Official figures show that Uganda records about 31,500 teenage pregnancies every month—that is more than a thousand every single day. 

Muhoza Trivia. Courtesy photo
By Ranell Dickson Nsereko
Journalists @New Vision
#Muhoza Trivia

Uganda is facing a crisis that often goes unnoticed in the noise of national debates. Teenage pregnancy remains stubbornly high, with one in every four girls aged 15 to 19 already pregnant or a mother. 


This figure has hardly shifted in over a decade, according to the Ministry of Health, and it is reshaping entire communities.


Behind these statistics are young girls whose futures are cut short, and families trapped in cycles of poverty. 


The urgency is undeniable. Official figures show that Uganda records about 31,500 teenage pregnancies every month—that is more than a thousand every single day. 


In districts, like Arua and Bukedea, the numbers are even worse, with more than a third of teenage girls reported to be pregnant. 


Experts warn that teenage pregnancies are fueling Uganda’s high maternal and infant mortality rates: teenagers account for nearly 28 percent of maternal deaths, while babies born to them contribute to 20 percent of infant deaths.


These are not just numbers; they are young lives interrupted. Many teenage mothers drop out of school, either because of stigma or lack of support, and very few return even when policies say they should. In rural communities, the pressure is harsher. Girls are married off early, sometimes as a “solution” to pregnancy, cutting them off from opportunities to study or build independence.


“Many young girls in rural areas are not told they can achieve things on their own,” Ms Muhoza Trivia, Founder, Empowering Mothers in Uganda, a charity organisation says. “They lack proper education, information, and skills. That makes them vulnerable.”


She stresses that real change requires a cultural shift: families and communities must stop normalizing child marriage, and young men must be taught to respect girls rather than exploit them.


Economically, the cost of this crisis is staggering. Studies by the Population Secretariat estimate that households of teenage mothers spent over Sh 1.28 trillion on sexual and reproductive health in 2020 alone.

 
When teenage girls leave school, it is not just a personal loss; it undermines Uganda’s workforce and economy.
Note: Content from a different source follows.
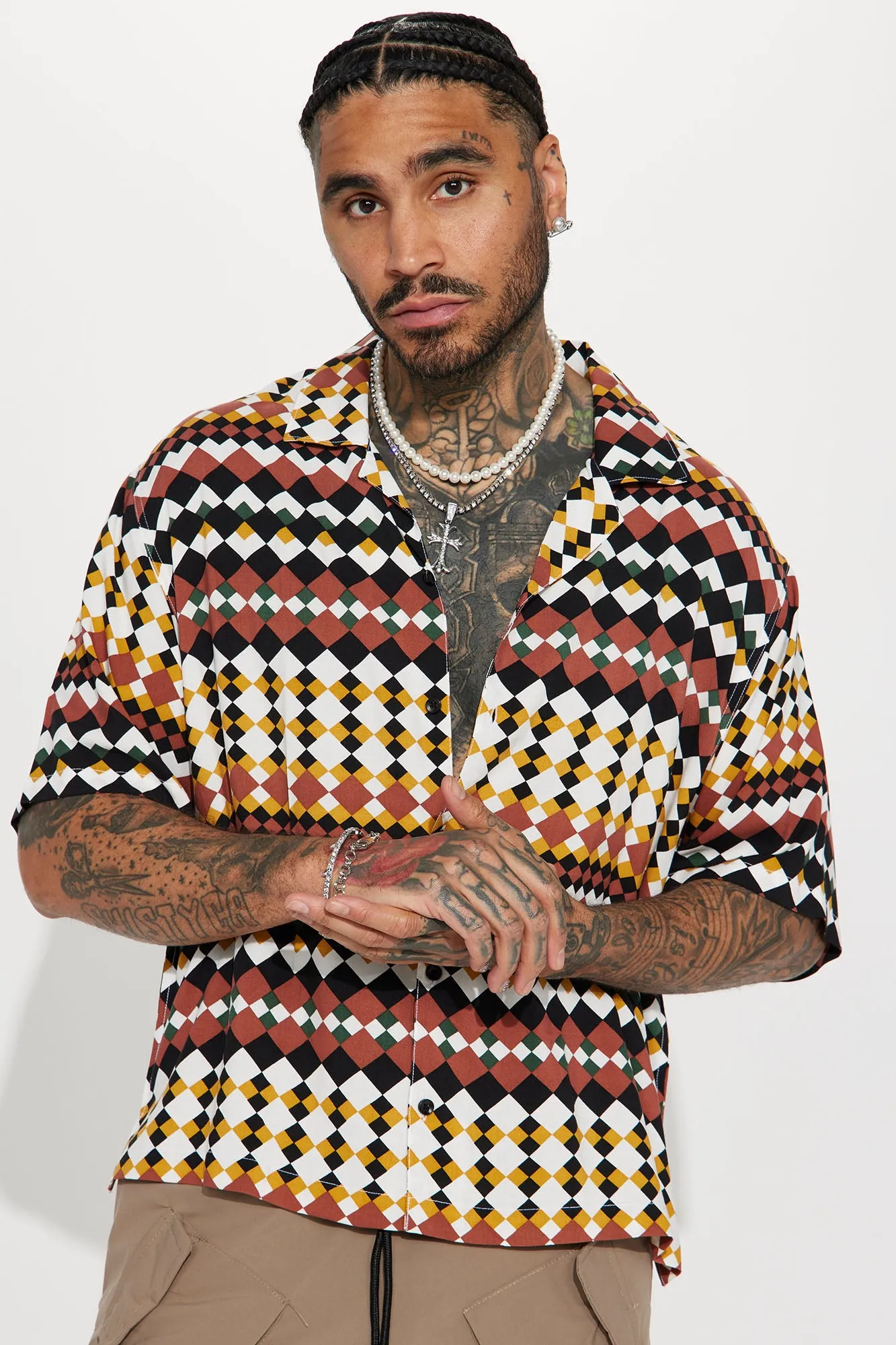 Assorted Geometric Short Sleeve Button Up - Black/combo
With nearly two million births to teenage mothers recorded between 2016 and 2020, the country is losing out on the potential of an entire generation.


Yet amidst this grim reality, Muhoza says: “Education is crucial, but it’s not enough,” she insists. “We must teach resilience and confidence, and make sure these girls know they are not alone.”


Ms Muhoza also, a Miss Uganda contestant, says support for teenage and single mothers should come from home.

 
“Home should be a place of refuge,” she explains. “But what I see is many girls being chased out by their parents or guardians. They end up in unsafe relationships or on the streets, and the cycle of vulnerability deepens. If we truly want to tackle teenage pregnancies, we need families to stand by their daughters, not cast them out.”

 
Her appeal is not simply emotional—it is grounded in the evidence she has gathered through her charity. Many of the young mothers Empowering Mothers Uganda supports arrive with no financial backing, no shelter, and no access to healthcare. “Once a girl is rejected at home, she has nowhere to go,” Muhoza says. “And that’s how we see some of them having multiple pregnancies before they are even 20. Family acceptance is the first step toward breaking that cycle.”

 
She calls for a mindset shift in Ugandan communities, where stigma continues to surround early motherhood. “We must learn to see these girls not as failures, but as children who need protection and guidance. If the family provides emotional and practical support, the girl has a chance to return to school, to learn a skill, and to build a future.”

 
She challenges Ugandans to rethink their responses. “We must choose compassion over condemnation,” Muhoza concludes.